MKD Diprediksi Tumpul Ketika Berhadapan dengan Novanto
Peneliti Formappi Lucius Karus sudah menduga Mahkamah Kehormatan Dewan (MKD) DPR RI bakal tumpul ketika menangani persoalan etik Ketua DPR Setya Novan
Penulis: Imanuel Nicolas Manafe
TRIBUNNEWS.COM, JAKARTA - Peneliti Formappi, Lucius Karus sudah menduga Mahkamah Kehormatan Dewan (MKD) DPR RI bakal tumpul ketika menangani persoalan etik Ketua DPR Setya Novanto.

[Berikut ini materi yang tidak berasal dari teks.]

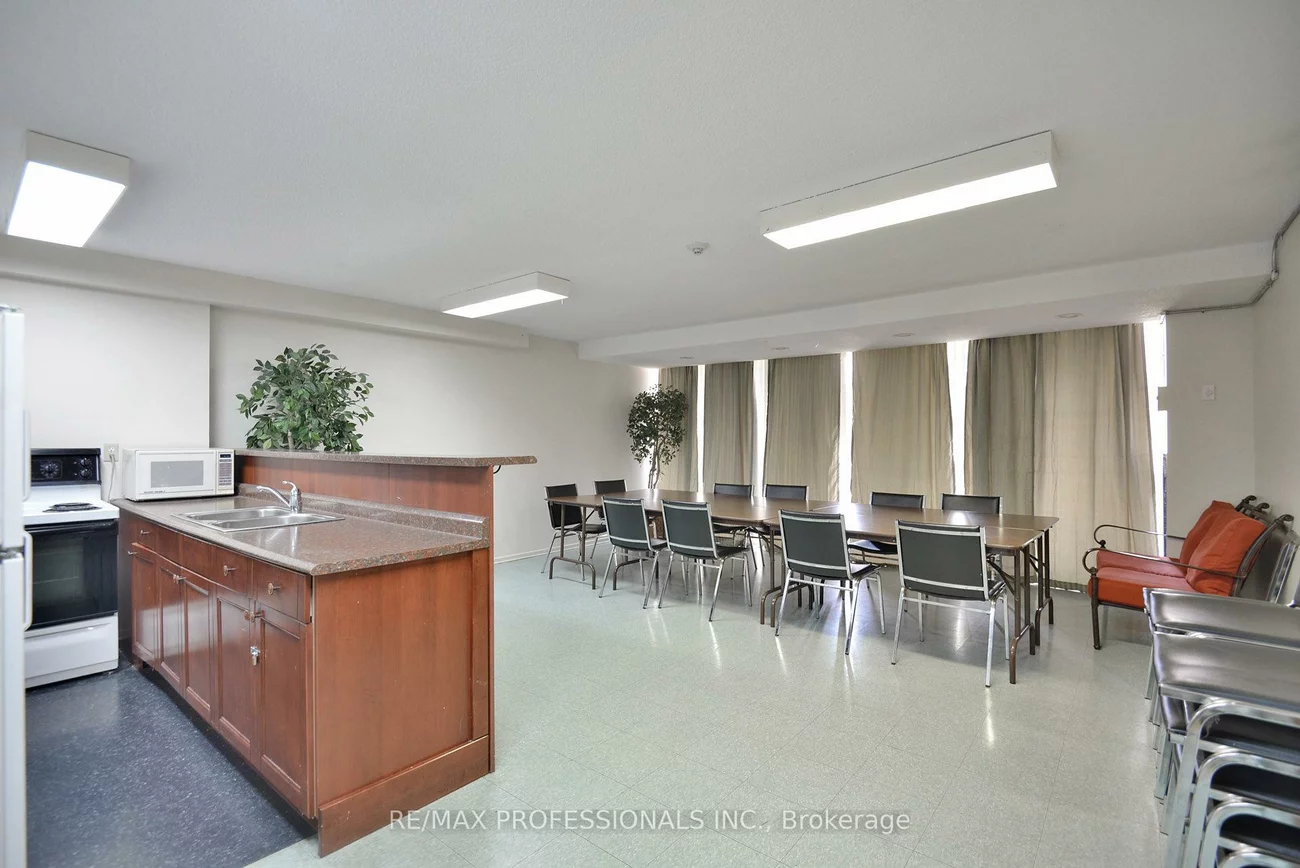 4, Kings Cross, Queen Street Corridor, Brampton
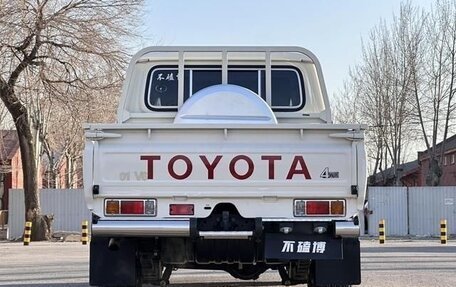 Toyota Land Cruiser 70, 2023 год, 7 704 000 рублей, 8 фотография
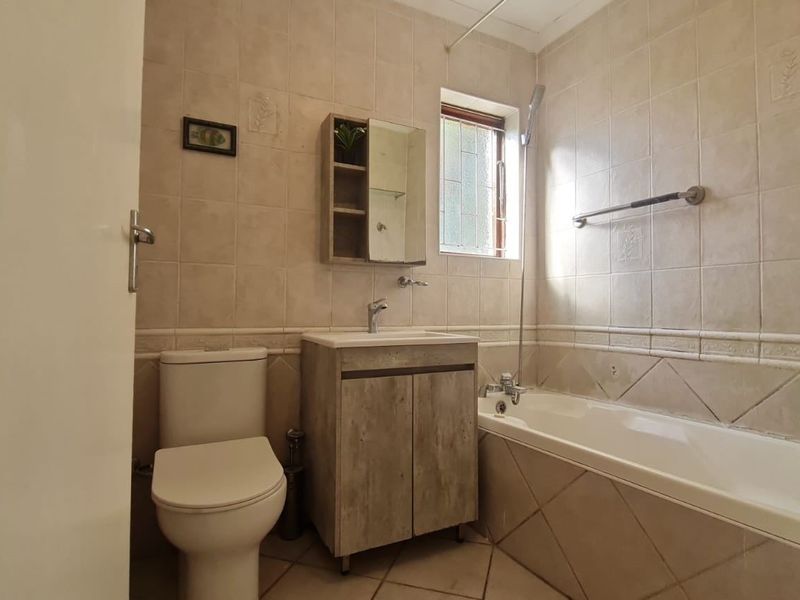 Townhouse Rental Monthly In Port Elizabeth - Photo 5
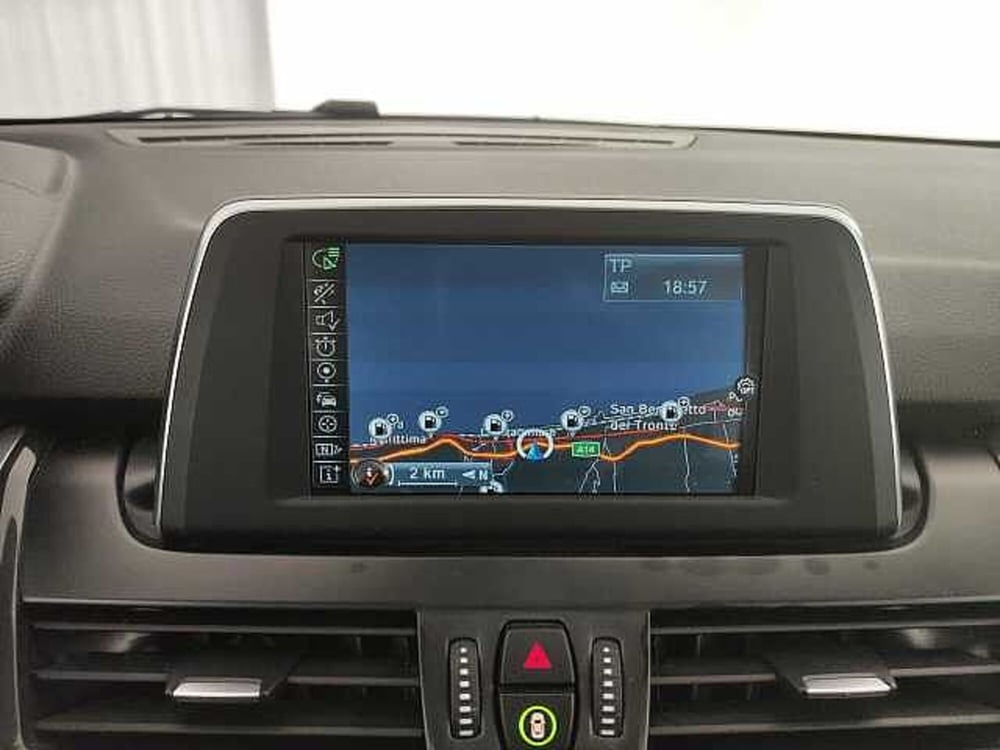 BMW Serie 2 Active Tourer usata a Teramo (19)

Baca: Romli Heran Pengacara Setnov Ajukan Pengadilan HAM Internasional
“Kalau bicara soal MKD bukan hal baru alat kelengkapan ini di DPR memang sudah sejak awal jadi sorotan karena perannya tumpul,” ujar Lucius dalam sebuah diskusi yang digelar di kawasan Menteng, Jakarta, Sabtu (18/11/2017).
Lucius mengatakan seharusnya MKD bisa memberikan ganjaran etik kepada Setya Novanto yang sebetulnya telah jelas ingin lari dari tanggung jawabnya.

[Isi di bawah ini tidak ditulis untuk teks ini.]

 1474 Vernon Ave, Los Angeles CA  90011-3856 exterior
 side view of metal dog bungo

Baca: Pagelaran Wayang Golek Jadi Sarana Efektif Sampaikan Materi MPR
“Jadi ini sesuatu yang aneh bagi saya. Seorang pejabat negara tidak bisa dihubungi sedetik pun itu sebenarnya sudah sangat krusial buat saya. Bagaimana misalnya tiba-tiba kita punya masalah serius dan butuh penyelesaian dari elit-elit bangsa seperti Presiden dan mendapatkan salah seorang pimpinan DPR tak bisa dihubungi itu aneh,” kata Lucius.
“Saya rasa ini perilaku bisa dikategorikan perilaku tidak bertanggung jawab atau mau lari dari tanggung jawab karena dia menghilang tanpa diketahui ada di mana, bahkan ajudan,” ujar Lucius.

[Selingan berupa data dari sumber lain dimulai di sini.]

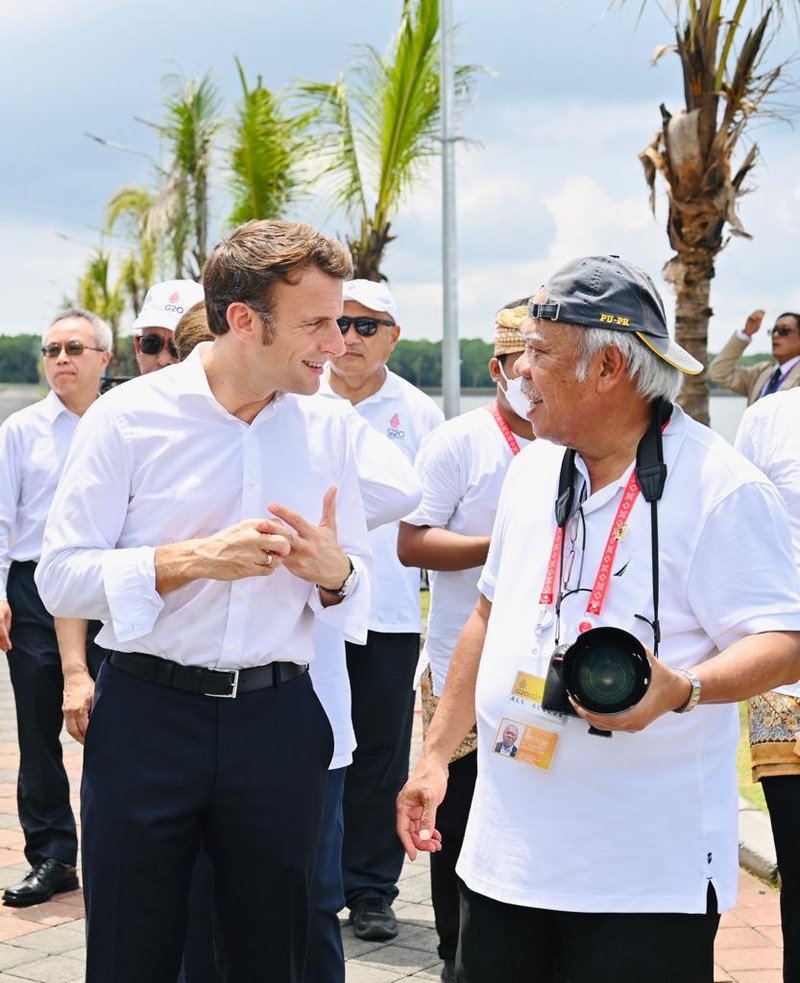 Presiden Jokowi dan para pemimpin yang telah hadir tampak berbincang santai di Pendopo Wantilan sebelum menanam mangrove bersama. (Foto: Laily Rachev - Biro Pers Sekretariat Presiden)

Dari persoalan etik tersebut, Lucius menyayangkan sikap MKD yang justru dianggapnya buru-buru menggelar rapat dan mengambil keputusan agar menunggu sampai status hukum Novanto ditingkatkan sebagai terdakwa.
“Yang terjadi justru belum apa-apa MKD sudah lalukan rapat internal dan memutuskan untuk mengikuti proses hukum ini sampai ada status lebih lanjut status terdakwa, baru sampai persidangan ada proses penghentian Setya Novanto,” kata Lucius.
Melihat kembali ke belakang, Lucius mengungkap lagi bagaimana ‘tumpulnya’ MKD ketika berhadapan dengan Novanto dalam kasus etik papa minta saham.
Kalau bukan karena desakan publik, kata Lucius, maka MKD tidak akan segera mengambil keputusan terhadap jabatan Novanto saat itu yang juga sebagai Ketua DPR.
"Kalau bukan karena desakan publik di kasus papa minta saham dulu itu MKD juga tidak gerak. Sesungguhnya itu yang terjadi sekarang ini. Potensi pelanggaran etik yang ditunjukkan dalam kasus-kasus Pak Setya Novanto belakangan ini saya pikir cukup tinggi ya,” tutur Lucius.